Hearty soups for a cold winter’s night

When winter turns cold and blustery, my thoughts turn to hot, hearty soups. One of my favorites is stracciatella, or Italian egg drop soup. The name means “torn apart” or “rags” because the egg looks like torn rags in the broth. It’s an easy soup, and it’s also good for you if you include a “super green” like kale or spinach. For the meatballs, use my grandfather’s recipe for ricotta meatballs, but roll them smaller, or use your own favorite meatball recipe. You can make stracciatella vegetarian by leaving out the meatballs and using vegetable broth instead of chicken broth.

One of my other favorites is onion soup casserole. It’s basically French onion soup but less labor intensive because you make it in a casserole rather than in individual bowls. Like the stracciatella it can easily be made vegetarian by substituting the beef broth for vegetable broth. My mom always had a pot of homemade stock simmering away on the stove during the winter months. I make stock in large batches and freeze it in quart containers. I recommend making your own stock for both of these soups, but if you don’t have time, be sure the store-bought broth is low sodium.

STRACCIATELLA (ITALIAN EGG DROP SOUP)

Serves 4–6

6 cups chicken broth
2 large eggs
¼ cup grated Parmesan cheese, plus more for serving
1 cup kale or baby spinach (optional)
1 cup meatballs, rolled the size of a large marble (optional)
1 teaspoon kosher salt
½ teaspoon freshly cracked black pepper

Bring broth to a simmer in an 8-quart pot or Dutch oven. Add salt and pepper. Add the meatballs and, if you’re using, the kale. Simmer for 8 to 10 minutes, or until meatballs are cooked through, and kale is slightly tender.

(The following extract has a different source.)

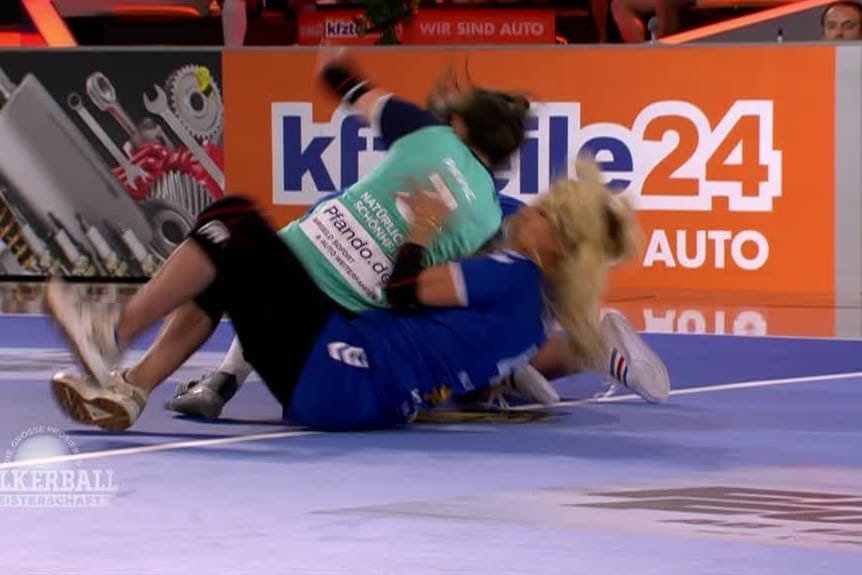 Ingrid Pavic und Loona krachten bei der "ProSieben Völkerball Meisterschaft" heftig ineinander.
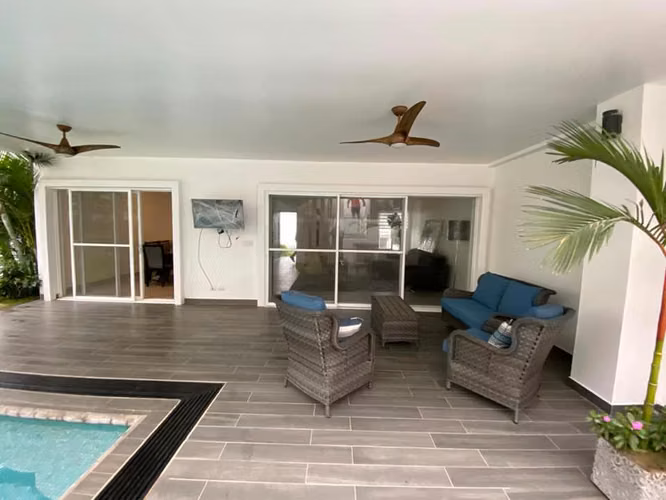  Casa Moderna en Condominio – Santo Domingo - Imagen 8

Meanwhile, in a small measuring cup with a spout, beat together eggs. Turn heat off stock, and use one hand to stir stock in a circular motion and the other hand to pour beaten eggs into stock in a slow, steady stream.

If you are using spinach instead of kale, place a handful in the bottom of each serving bowl, and ladle soup over it. Top each bowl with freshly grated Parmesan cheese, and
serve immediately.

ONION SOUP CASSEROLE

Serves 4–6

6 cups beef broth
2 cups plain croutons or thin slices of toasted baguette
3 tablespoons unsalted butter
4 cups Spanish (yellow) onions (about three medium onions), thinly sliced
3 cups Gruyère cheese
¼ cup sherry or sweet port
2 tablespoons fresh Italian (flat leaf) parsley, finely minced
1 teaspoon kosher salt
½ teaspoon freshly cracked black pepper

Melt the butter in an 8-quart saucepan over medium heat. Add the onions and sauté for 10 minutes, or until soft and caramelized. Add the sherry or port and sauté for 10 more minutes. Add the stock, salt and pepper. Bring to a boil and cook over medium-low heat for 15 minutes.

In the bottom of an ovenproof round casserole or Dutch oven (7 to 8 quart with sides a minimum of 4 inches high), arrange 1 cup of croutons or toasted baguette, and sprinkle with 1 cup of cheese. Add the remaining cup of croutons or baguette and top with another cup of cheese. Fill the casserole with the soup and sprinkle remaining cup of cheese on top. Place casserole on a cookie sheet lined with foil, and bake for approximately 30 minutes, or until the top is bubbling and golden brown. Ladle soup into bowls, sprinkle parsley over top of each, and serve immediately.